The only wood pellets I'd avoid are mesquite. Their robust flavor would overpower turkey.
To smoke a turkey on a pellet grill, plan on around 2 to 2 1/2 hours. This assumes a temperature of 325°F and a 12-14 lb bird.
The weather outside, your grill thermometer, and a dozen other things can affect your cooking time.
Cooking times are an estimate. Your turkey is done when a temperature probe or meat thermometer reads 160°F when slid into the breast meat. Aim for 170°F when temping dark meat.
If you opt to smoke a turkey at 225°F, you're looking at a longer cooking time - figure 30 minutes per pound as a rule of thumb, so 6-7 hours for a 12 to 14-pound bird.
The benefits of smoking at 225°F? You'll get a richer smoke flavor.
The drawbacks? You're looking at a longer cook, and the skin will be rubbery.
Crank up the heat when the turkey is almost done cooking. This will help crisp up the skin.
If you find yourself with a big turkey, like a 23-pounder, you're in for a longer cook - figure around 4 hours if your smoker temperature is 325°F. Again, I like a smaller bird. I find smaller turkeys are way juicier.

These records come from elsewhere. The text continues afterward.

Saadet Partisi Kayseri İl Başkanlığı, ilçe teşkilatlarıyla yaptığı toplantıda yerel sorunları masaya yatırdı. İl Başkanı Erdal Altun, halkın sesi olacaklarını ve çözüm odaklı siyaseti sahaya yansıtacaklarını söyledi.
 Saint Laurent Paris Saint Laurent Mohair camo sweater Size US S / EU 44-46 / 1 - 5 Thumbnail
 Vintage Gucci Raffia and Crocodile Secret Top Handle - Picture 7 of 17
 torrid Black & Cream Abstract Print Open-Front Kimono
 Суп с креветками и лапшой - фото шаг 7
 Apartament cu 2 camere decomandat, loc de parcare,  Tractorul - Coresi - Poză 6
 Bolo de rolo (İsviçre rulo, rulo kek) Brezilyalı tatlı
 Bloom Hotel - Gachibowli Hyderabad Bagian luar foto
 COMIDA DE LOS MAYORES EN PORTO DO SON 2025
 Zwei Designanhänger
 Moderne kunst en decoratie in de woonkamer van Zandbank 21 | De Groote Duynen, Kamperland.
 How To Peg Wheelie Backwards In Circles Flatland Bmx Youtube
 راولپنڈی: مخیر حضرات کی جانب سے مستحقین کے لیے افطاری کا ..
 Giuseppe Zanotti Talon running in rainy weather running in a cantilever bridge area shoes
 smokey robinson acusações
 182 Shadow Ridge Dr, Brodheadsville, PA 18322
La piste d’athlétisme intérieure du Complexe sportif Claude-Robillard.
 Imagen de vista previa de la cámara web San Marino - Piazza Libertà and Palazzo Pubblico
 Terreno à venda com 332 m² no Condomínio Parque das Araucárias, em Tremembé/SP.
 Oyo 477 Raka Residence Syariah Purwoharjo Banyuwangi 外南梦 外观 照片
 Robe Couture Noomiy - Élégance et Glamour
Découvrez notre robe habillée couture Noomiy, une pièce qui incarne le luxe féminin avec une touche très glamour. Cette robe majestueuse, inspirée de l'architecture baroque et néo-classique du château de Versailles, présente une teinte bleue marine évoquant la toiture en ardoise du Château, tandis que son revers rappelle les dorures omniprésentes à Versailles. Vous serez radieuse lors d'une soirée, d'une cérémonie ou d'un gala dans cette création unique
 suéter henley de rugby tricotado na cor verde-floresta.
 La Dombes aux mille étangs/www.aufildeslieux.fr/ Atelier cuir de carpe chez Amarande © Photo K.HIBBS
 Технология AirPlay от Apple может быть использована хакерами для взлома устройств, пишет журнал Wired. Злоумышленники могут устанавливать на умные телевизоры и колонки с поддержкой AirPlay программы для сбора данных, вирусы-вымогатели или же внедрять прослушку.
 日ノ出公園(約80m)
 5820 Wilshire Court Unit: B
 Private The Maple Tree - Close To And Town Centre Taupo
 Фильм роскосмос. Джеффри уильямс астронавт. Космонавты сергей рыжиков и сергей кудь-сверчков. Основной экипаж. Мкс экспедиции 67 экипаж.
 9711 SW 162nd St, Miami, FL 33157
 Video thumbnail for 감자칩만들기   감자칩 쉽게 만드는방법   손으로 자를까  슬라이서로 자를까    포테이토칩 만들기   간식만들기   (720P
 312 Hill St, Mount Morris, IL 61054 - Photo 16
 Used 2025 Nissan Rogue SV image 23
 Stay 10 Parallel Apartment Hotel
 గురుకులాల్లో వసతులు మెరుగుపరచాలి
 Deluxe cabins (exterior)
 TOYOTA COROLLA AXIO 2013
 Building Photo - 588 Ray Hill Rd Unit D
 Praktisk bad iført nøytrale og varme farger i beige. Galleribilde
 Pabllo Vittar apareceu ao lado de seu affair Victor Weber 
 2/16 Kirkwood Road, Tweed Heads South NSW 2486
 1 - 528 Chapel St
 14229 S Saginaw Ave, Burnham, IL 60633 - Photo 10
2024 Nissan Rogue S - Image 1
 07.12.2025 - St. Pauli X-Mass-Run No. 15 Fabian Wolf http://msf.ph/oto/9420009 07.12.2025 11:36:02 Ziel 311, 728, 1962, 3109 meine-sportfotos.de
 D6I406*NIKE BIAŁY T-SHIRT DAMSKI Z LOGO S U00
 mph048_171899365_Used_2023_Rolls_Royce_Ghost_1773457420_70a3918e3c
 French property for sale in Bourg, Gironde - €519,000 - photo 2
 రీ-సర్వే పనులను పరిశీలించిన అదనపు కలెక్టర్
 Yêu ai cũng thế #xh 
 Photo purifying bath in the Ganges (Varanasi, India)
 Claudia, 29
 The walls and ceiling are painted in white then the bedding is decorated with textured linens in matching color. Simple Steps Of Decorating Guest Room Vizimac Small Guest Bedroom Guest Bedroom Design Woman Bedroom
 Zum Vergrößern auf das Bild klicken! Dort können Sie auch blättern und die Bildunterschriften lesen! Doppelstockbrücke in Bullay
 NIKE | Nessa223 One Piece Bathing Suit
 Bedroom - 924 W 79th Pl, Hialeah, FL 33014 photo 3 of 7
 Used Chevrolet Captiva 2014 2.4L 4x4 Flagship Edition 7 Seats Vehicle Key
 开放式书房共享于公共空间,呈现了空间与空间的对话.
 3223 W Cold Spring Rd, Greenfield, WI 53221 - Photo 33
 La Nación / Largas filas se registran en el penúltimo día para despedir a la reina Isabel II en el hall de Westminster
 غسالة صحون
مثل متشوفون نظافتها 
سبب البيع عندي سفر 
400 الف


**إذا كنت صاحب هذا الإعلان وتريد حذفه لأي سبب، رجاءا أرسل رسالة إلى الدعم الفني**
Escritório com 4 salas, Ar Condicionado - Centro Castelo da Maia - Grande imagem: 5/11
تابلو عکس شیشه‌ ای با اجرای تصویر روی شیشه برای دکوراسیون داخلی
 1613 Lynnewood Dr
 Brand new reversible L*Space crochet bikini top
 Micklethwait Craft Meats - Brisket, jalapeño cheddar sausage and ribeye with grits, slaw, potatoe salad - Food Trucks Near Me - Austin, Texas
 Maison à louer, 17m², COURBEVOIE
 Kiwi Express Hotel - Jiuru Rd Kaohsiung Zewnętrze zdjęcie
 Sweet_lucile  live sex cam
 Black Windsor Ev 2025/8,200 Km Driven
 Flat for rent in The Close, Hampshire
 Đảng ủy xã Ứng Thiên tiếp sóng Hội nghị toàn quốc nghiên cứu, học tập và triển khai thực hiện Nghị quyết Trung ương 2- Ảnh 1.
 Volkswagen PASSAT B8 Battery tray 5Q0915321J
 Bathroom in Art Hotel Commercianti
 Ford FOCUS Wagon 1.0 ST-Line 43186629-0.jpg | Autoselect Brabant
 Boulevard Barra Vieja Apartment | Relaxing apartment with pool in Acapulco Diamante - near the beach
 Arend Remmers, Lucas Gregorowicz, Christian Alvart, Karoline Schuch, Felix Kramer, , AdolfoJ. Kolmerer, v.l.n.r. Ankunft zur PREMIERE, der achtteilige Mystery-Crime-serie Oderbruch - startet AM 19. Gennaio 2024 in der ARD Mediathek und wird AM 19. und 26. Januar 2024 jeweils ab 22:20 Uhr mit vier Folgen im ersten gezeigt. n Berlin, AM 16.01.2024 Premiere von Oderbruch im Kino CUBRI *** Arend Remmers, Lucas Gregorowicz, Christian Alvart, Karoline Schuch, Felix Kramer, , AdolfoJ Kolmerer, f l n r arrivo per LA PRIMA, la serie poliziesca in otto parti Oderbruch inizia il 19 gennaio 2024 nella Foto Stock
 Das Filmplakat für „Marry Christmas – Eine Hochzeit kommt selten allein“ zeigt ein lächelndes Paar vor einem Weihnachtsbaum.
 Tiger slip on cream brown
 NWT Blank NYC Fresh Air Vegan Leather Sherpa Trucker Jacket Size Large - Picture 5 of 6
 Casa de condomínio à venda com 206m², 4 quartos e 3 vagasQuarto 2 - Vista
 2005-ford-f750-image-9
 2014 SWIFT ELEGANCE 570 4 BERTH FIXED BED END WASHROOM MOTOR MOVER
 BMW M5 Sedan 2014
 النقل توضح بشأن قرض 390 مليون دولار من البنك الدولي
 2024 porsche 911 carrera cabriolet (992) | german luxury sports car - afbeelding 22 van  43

You're looking at a long 12-hour cook if you smoke a 23-pound turkey at 225°F.
Smoking a turkey on a pellet grill may seem like a daunting task, but fear not! With my tips and tricks, your family and friends will eat the tastiest, juiciest turkey of their dreams.
Smoke your turkey at 325°F until the breast reads 160°F or internal temperature. Take your time carving the turkey, stick it on a platter, and it's time to eat!